Repeat the listing below in full and exactly, but without its pictures.

Segment Start: DATASET RECORDS

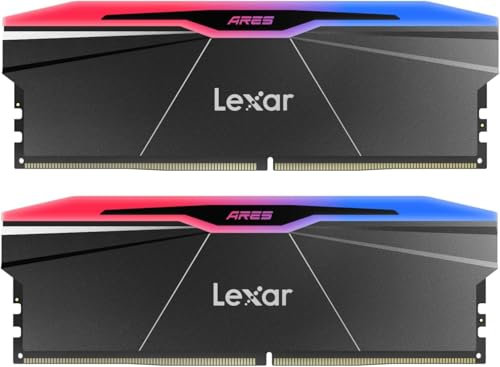 Lexar Ares Gen2 RGB DDR5 RAM 64GB Kit (2x32GB) 6400MHz, DRAM Memoria 288-Pin UDIMM, PC Memoria de computadora Juegos para XMP 3.0/AMD Expo, CL32-39-39-89, 1.4V (LD5U32G64C32BR-RGD)
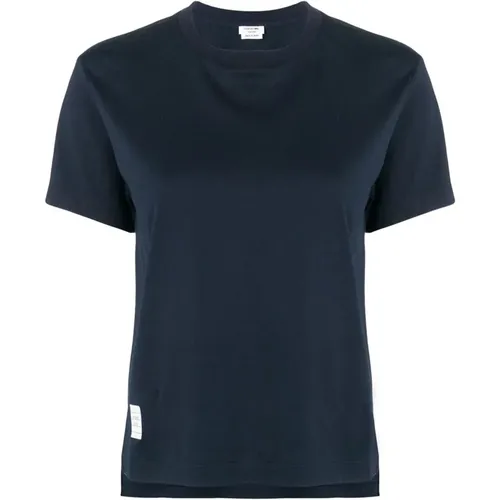 Blau Logo-Patch T-Shirt und Polo , Damen, Größe: 2XS - Thom Browne - Modalova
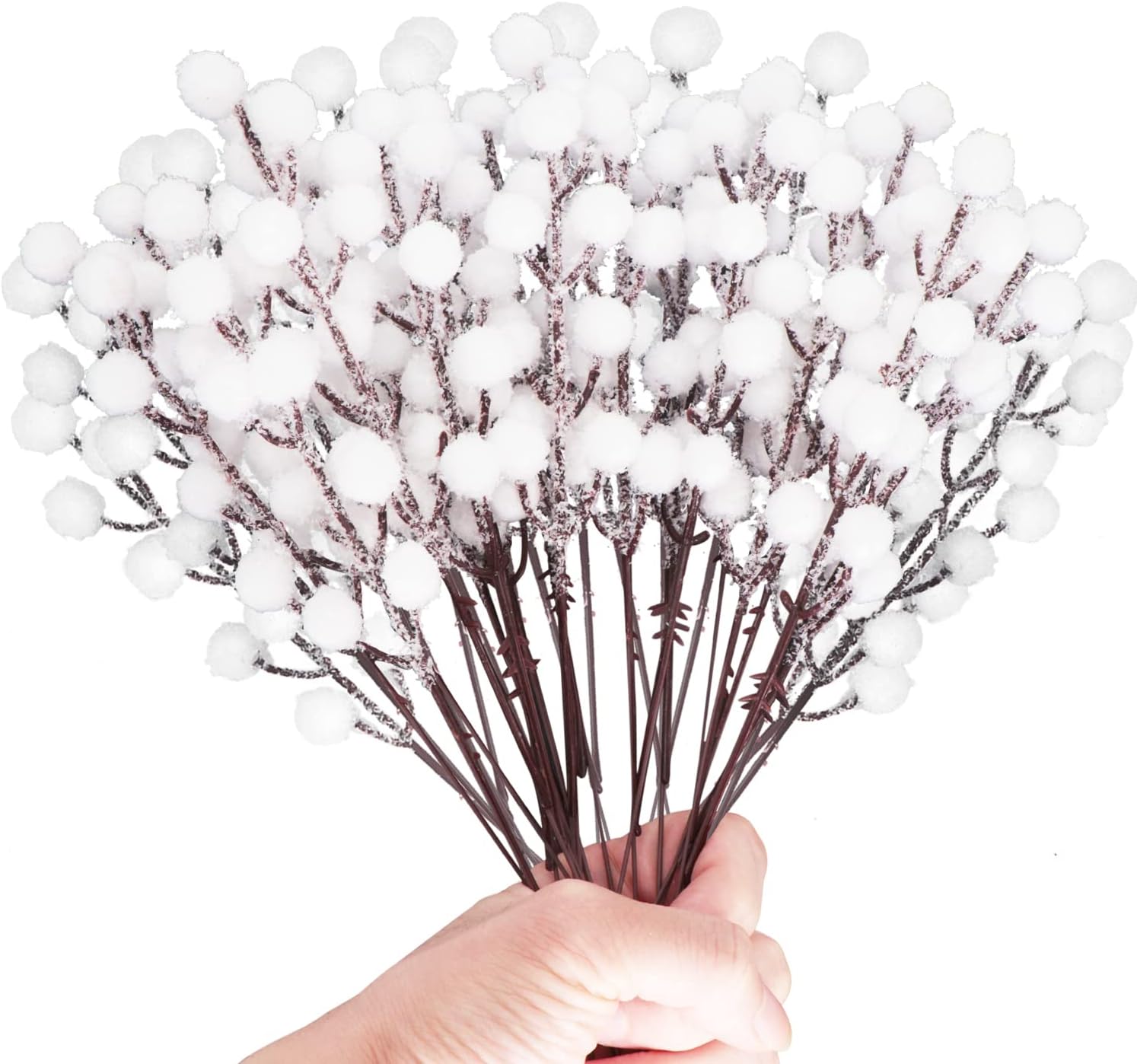16 Pieces Artificial White Berry Stems 7.8 Inch Snowy Berries Picks Christmas Tree Sprays for Xmas Decorations DIY Crafts Wreath Making Supplies Winter Season Home Party Décor (White)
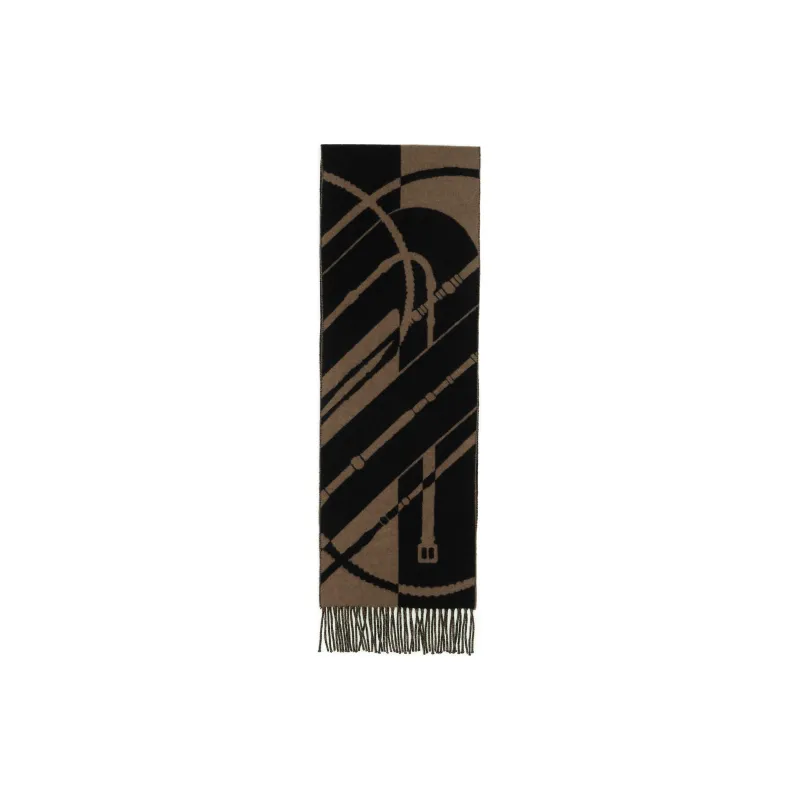 HERMES Knit Scarves Unisex Brown-1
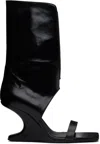 Rick Owens Black Hollywood Winged Cantilever 8 Heeled Sandals In 09 Black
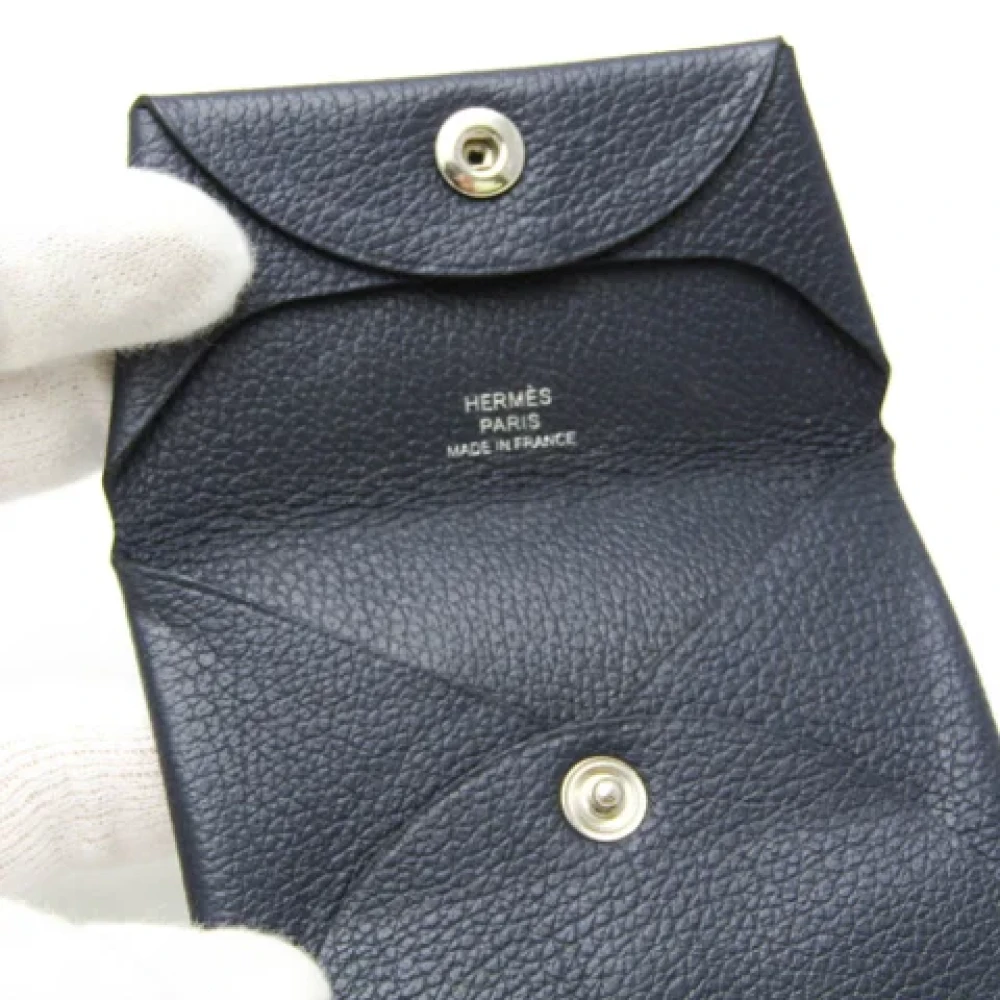 Hermès Vintage Pre-owned Leather wallets Blue Dames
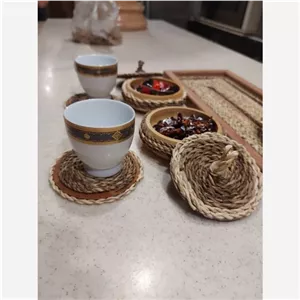 قندان 2عددی چوبی بامبو حصیری مناسب هدیه و کادو خانمان مدل 347878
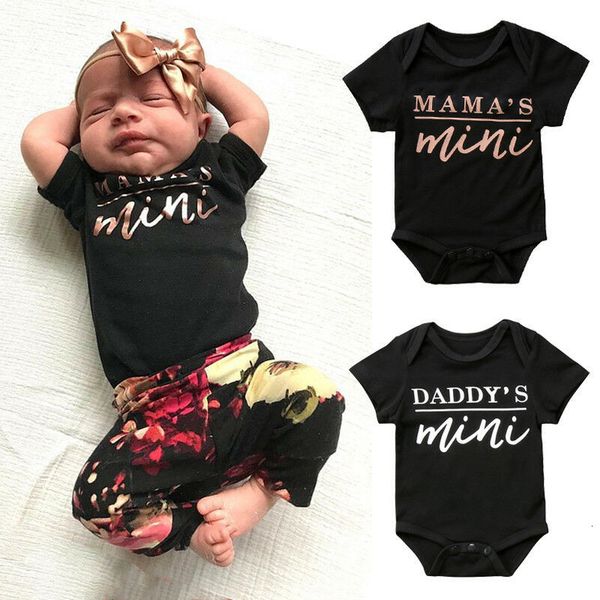 

newborn infant baby boys girls bodysuit cute baby twins mama daddy short sleeve bodysuits outfits baby clothes for 0-18m, Blue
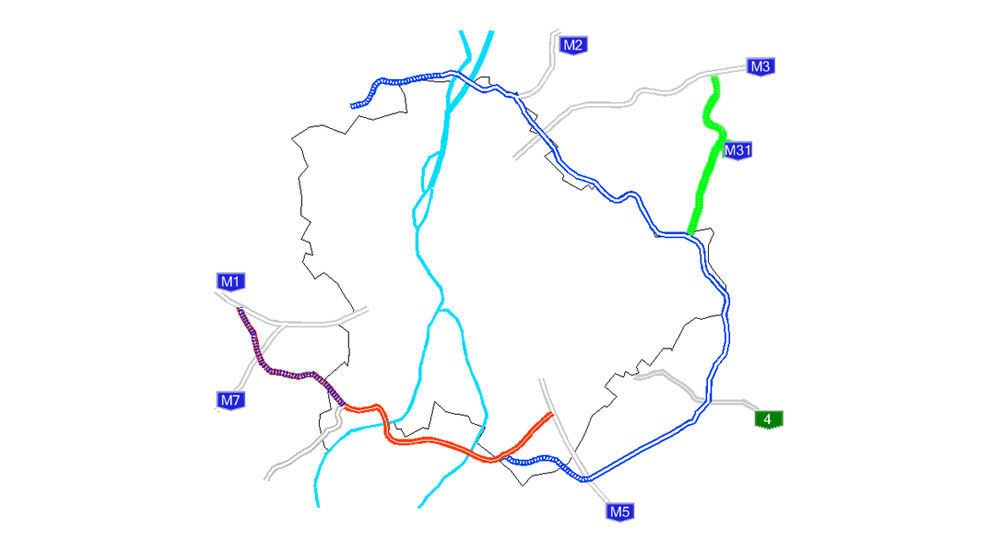 A zöld szakasz az M31. Kelet-Nyugat irányban és viszont vonzóbbá tette a főváros elkerülését a gyorsforgalmi úton autózok számára.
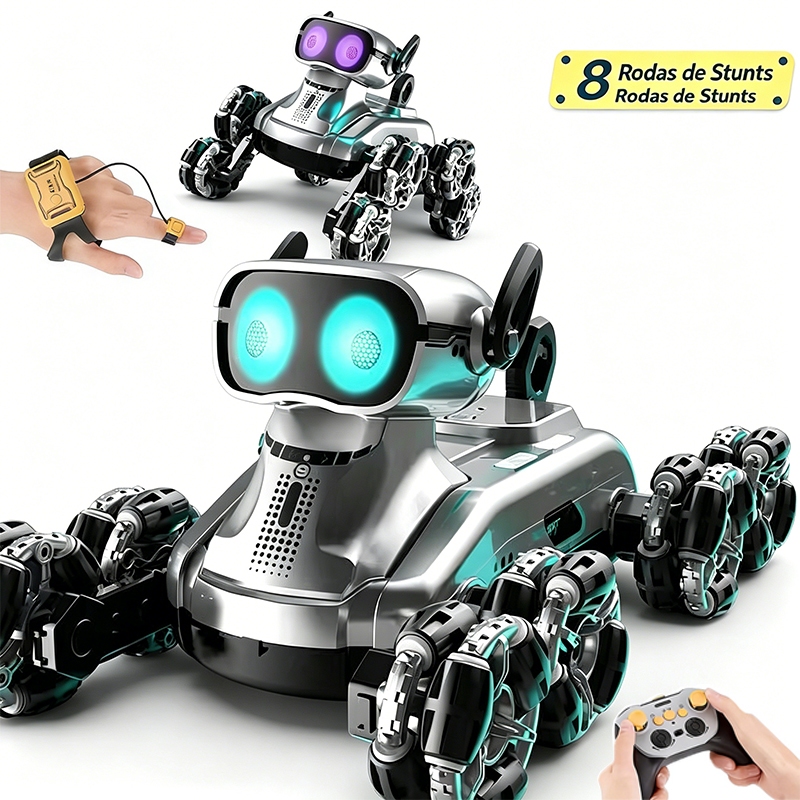 Cachorro Robô Inteligente com Controle Remoto – 8 Rodas e Duplo controle remoto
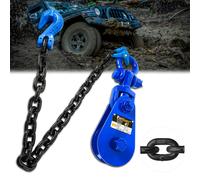 Bloc de brassage Fithoist 4 tonnes avec chane G100 | 4 1/2 """" ""pour 1/2"" ""Corde mtallique de pouces | Blocs d'arrachage haute rsistance pour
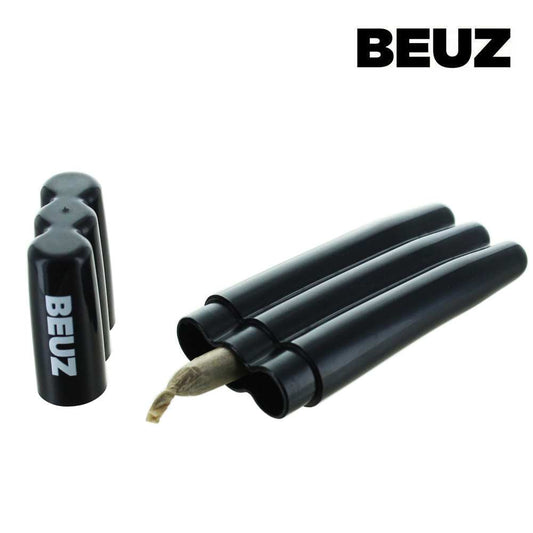 Étui cylindrique noir BEUZ pour cônes pré-roulés, marquage BEUZ.
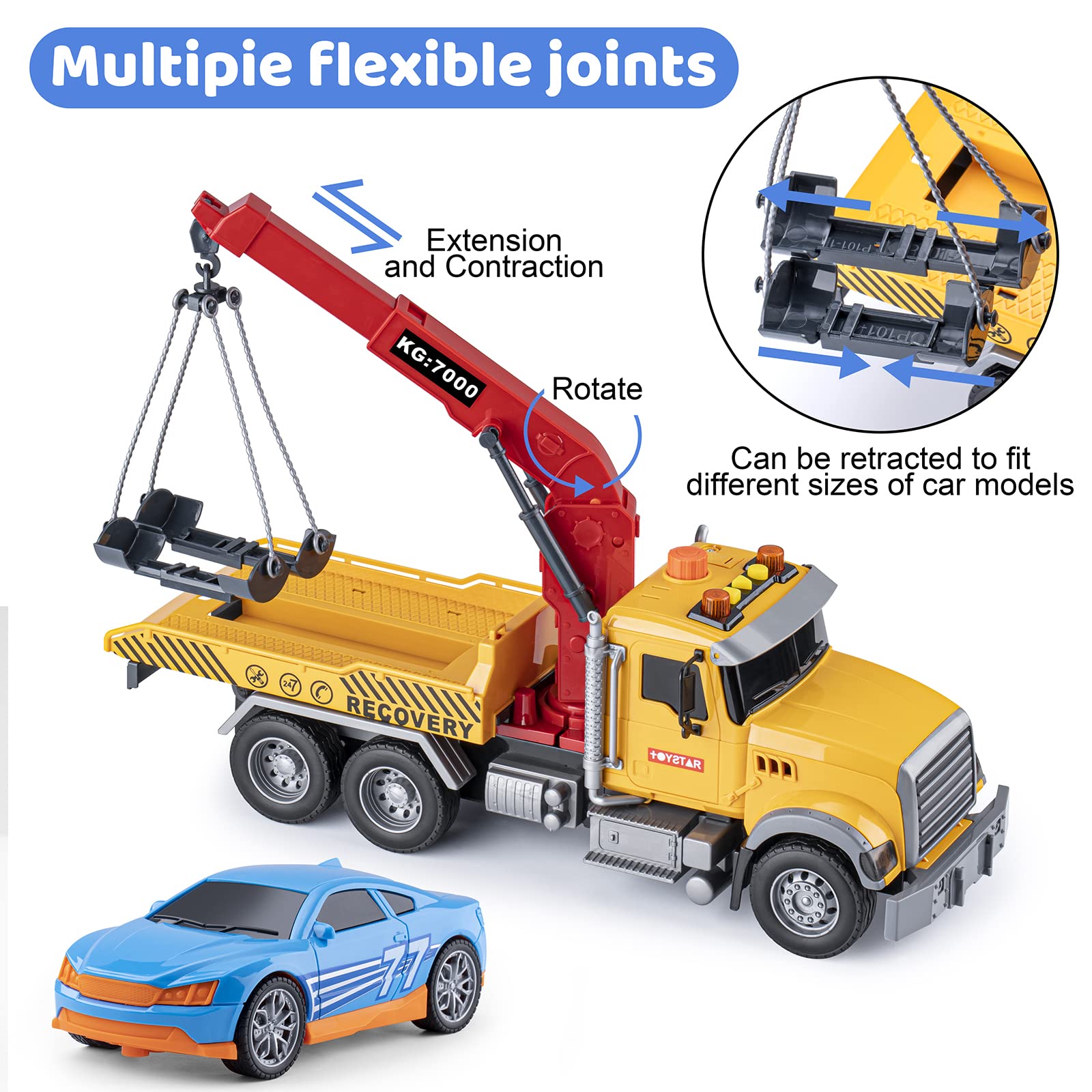 haomsj tow-truck retractable-parts: versatile features for varied play scenarios.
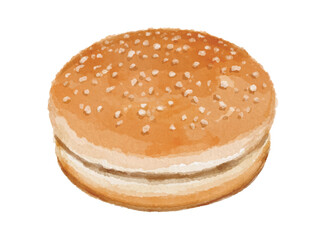 Hand painted watercolor burger bun isolated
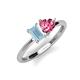 3 - Esther Emerald Shape Aquamarine & Heart Shape Pink Tourmaline 2 Stone Duo Ring 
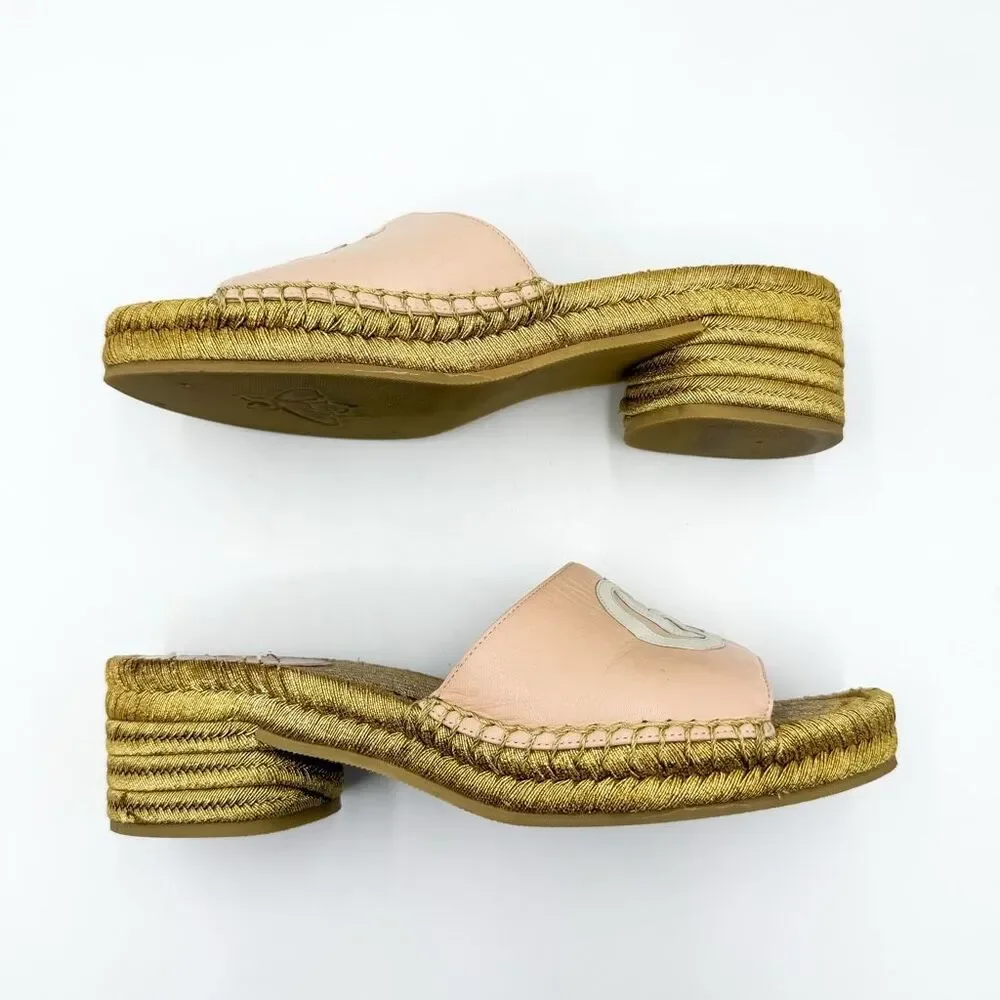 Gucci GG Sandals Leather Espadrille Mules EU 37 US 8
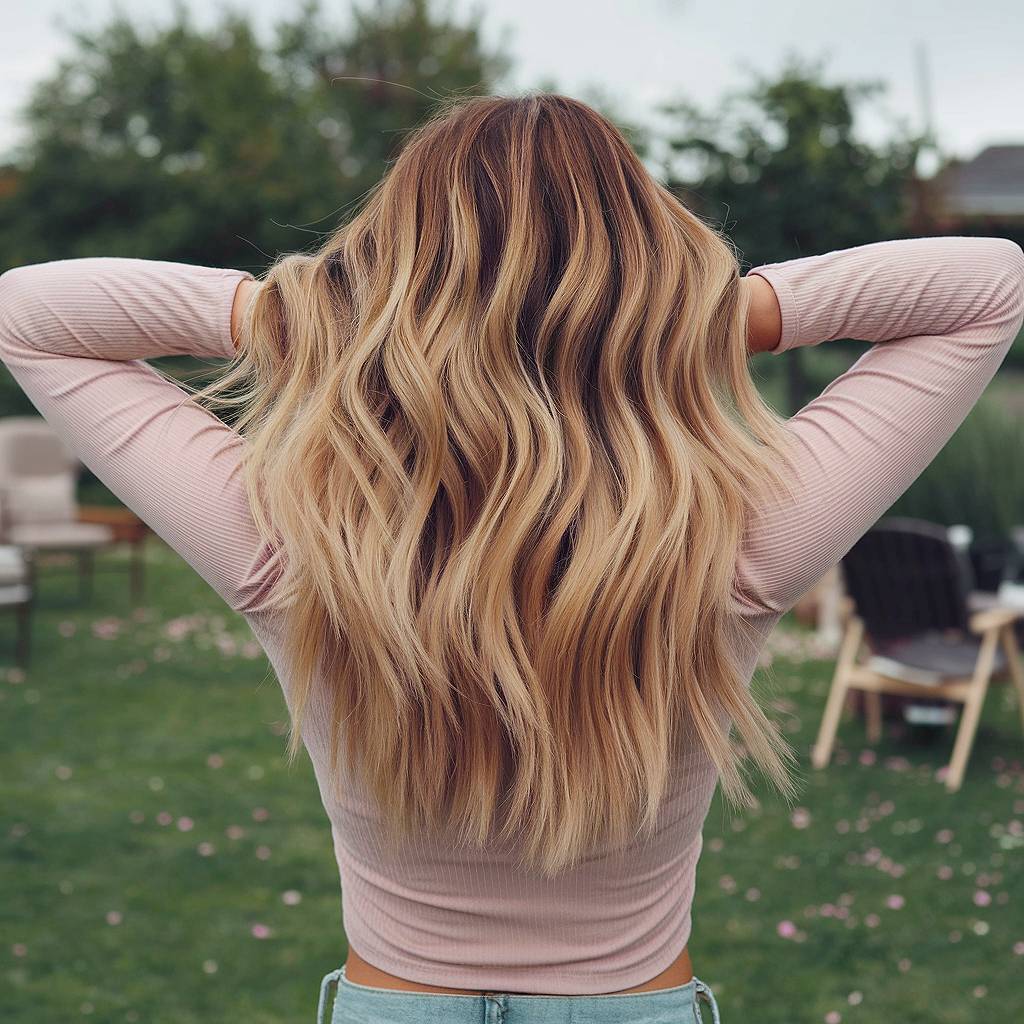 Wavy honey blonde balayage on long hair, blending warm blonde tones for a soft spring transition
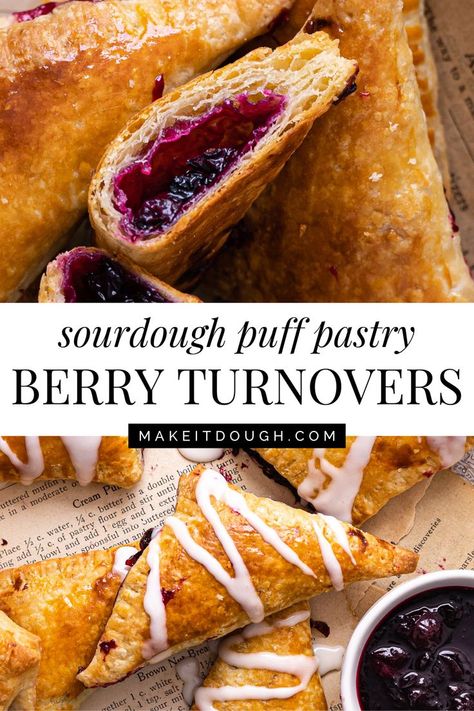 Prepare to drool over our Mouthwatering Sourdough Blueberry Turnovers. Crafted with sourdough discard and puff pastry, these turnovers boast layers of flakiness and bursts of juicy blueberries. Whether for breakfast or dessert, they're sure to impress. Explore the recipe at MakeItDough.com and tantalize your taste buds with more sourdough delights. Sourdough Blackberry, Blackberry Turnovers, Blueberry Turnovers, Sourdough Blueberry, Rough Puff Pastry, Blueberry Season, Homemade Sourdough, Chocolate Pastry, Sourdough Discard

Segment End: DATASET RECORDS

*SOLVED EXERCISE*:
 Lexar Ares Gen2 RGB DDR5 RAM 64GB Kit (2x32GB) 6400MHz, DRAM Memoria 288-Pin UDIMM, PC Memoria de computadora Juegos para XMP 3.0/AMD Expo, CL32-39-39-89, 1.4V (LD5U32G64C32BR-RGD)
 Blau Logo-Patch T-Shirt und Polo , Damen, Größe: 2XS - Thom Browne - Modalova
16 Pieces Artificial White Berry Stems 7.8 Inch Snowy Berries Picks Christmas Tree Sprays for Xmas Decorations DIY Crafts Wreath Making Supplies Winter Season Home Party Décor (White)
 HERMES Knit Scarves Unisex Brown-1
 Rick Owens Black Hollywood Winged Cantilever 8 Heeled Sandals In 09 Black
 Hermès Vintage Pre-owned Leather wallets Blue Dames
 قندان 2عددی چوبی بامبو حصیری مناسب هدیه و کادو خانمان مدل 347878

newborn infant baby boys girls bodysuit cute baby twins mama daddy short sleeve bodysuits outfits baby clothes for 0-18m, Blue
 A zöld szakasz az M31. Kelet-Nyugat irányban és viszont vonzóbbá tette a főváros elkerülését a gyorsforgalmi úton autózok számára.
 Cachorro Robô Inteligente com Controle Remoto – 8 Rodas e Duplo controle remoto
 Bloc de brassage Fithoist 4 tonnes avec chane G100 | 4 1/2 """" ""pour 1/2"" ""Corde mtallique de pouces | Blocs d'arrachage haute rsistance pour
 Étui cylindrique noir BEUZ pour cônes pré-roulés, marquage BEUZ.
 haomsj tow-truck retractable-parts: versatile features for varied play scenarios.
 Hand painted watercolor burger bun isolated
 3 - Esther Emerald Shape Aquamarine & Heart Shape Pink Tourmaline 2 Stone Duo Ring 
 Gucci GG Sandals Leather Espadrille Mules EU 37 US 8
 Wavy honey blonde balayage on long hair, blending warm blonde tones for a soft spring transition
 Prepare to drool over our Mouthwatering Sourdough Blueberry Turnovers. Crafted with sourdough discard and puff pastry, these turnovers boast layers of flakiness and bursts of juicy blueberries. Whether for breakfast or dessert, they're sure to impress. Explore the recipe at MakeItDough.com and tantalize your taste buds with more sourdough delights. Sourdough Blackberry, Blackberry Turnovers, Blueberry Turnovers, Sourdough Blueberry, Rough Puff Pastry, Blueberry Season, Homemade Sourdough, Chocolate Pastry, Sourdough Discard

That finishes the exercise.